How to show solidarity
Perhaps the most alarming talk is from those who have actually said that lives may have to be sacrificed for the sake of the economy, that some older people may have to die to save the economic order. Pundits on the right have said that, some talk show hosts have said that, and some corporations and business leaders have suggested that.
Even worse, some governors are suggesting that. Georgia Gov. Brian Kemp decided the reopening of his state this week would include gyms, bowling alleys, barber shops, nail salons, and tattoo parlors despite the impossibility of necessary social distancing. The mayor of Las Vegas wants to reopen the Strip. News reports this week say the White House coronavirus task force members could not publicly defend the way-too-early actions of the Georgia governor, and pleaded with Trump on Wednesday to agree (which, gratefully, he finally did). Florida Gov. Ron DeSantis has already reopened some beaches. Workers at meat-packing plants in Colorado, Kansas, and elsewhere, many of them immigrants, are coming down with COVID-19 in increasing numbers, and many fear for their ability to do their jobs safely in sometimes crowded conditions. Protecting the vulnerable is not on the agenda.

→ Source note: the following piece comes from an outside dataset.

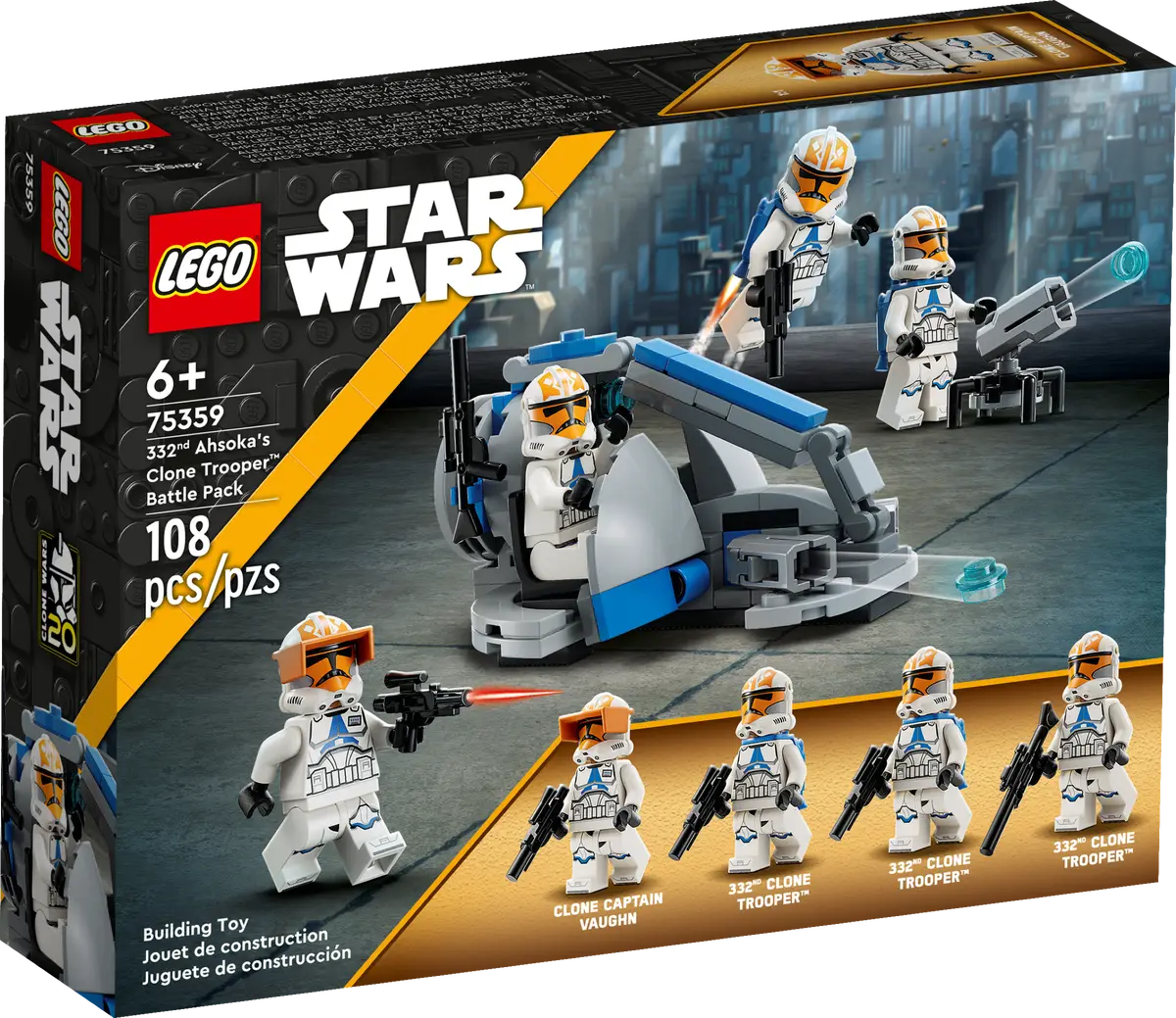 LEGO Star Wars Ahsokas Clone Trooper der 332. Kompanie - Battle Pack - 75359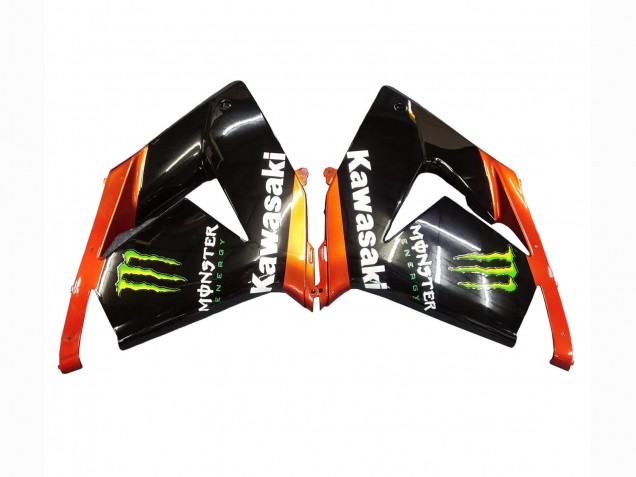 Compra Carenados Moto Kawasaki ZX10R 2004-2005 - Burnt Naranja Negro Monstruo Elf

So far, the stimulus bills have provided much-needed single paychecks to millions of people, crucial help to small businesses, and vital aid to hospitals. But a critical increase in nutrition help (Supplemental Nutrition Assistance Program, or SNAP) is likely the best way to directly help feed people without adequate work and stimulate the economy, but has yet to be included in the bipartisan bills. Nor has offering immigrants crucial benefits, or addressing the needs of Native American communities, or releasing undocumented people in dangerously unhealthy detention centers or older and nonviolent incarcerated people from overcrowded prison facilities.
Today, in a conversation with Dr. Freddy Haynes, the nation’s foremost revival preacher applied the Rev. Dr. Martin Luther King Jr.’s famous quote that “Injustice anywhere is a threat to justice everywhere” to the present COVID moment. He says, “Infection anywhere is a threat to infection everywhere.” The great wisdom of our faith traditions is that the protection of the vulnerable is not only the right thing to do, but is the best way to protect all of us.
These three moral tests — truth, unity, and solidarity — are not only religiously required but also practical and essential criteria for our reopening to a safer and healthier world. And these three biblical principles — truth, unity, and solidarity — are now essential tests for the health and the healing of the nation.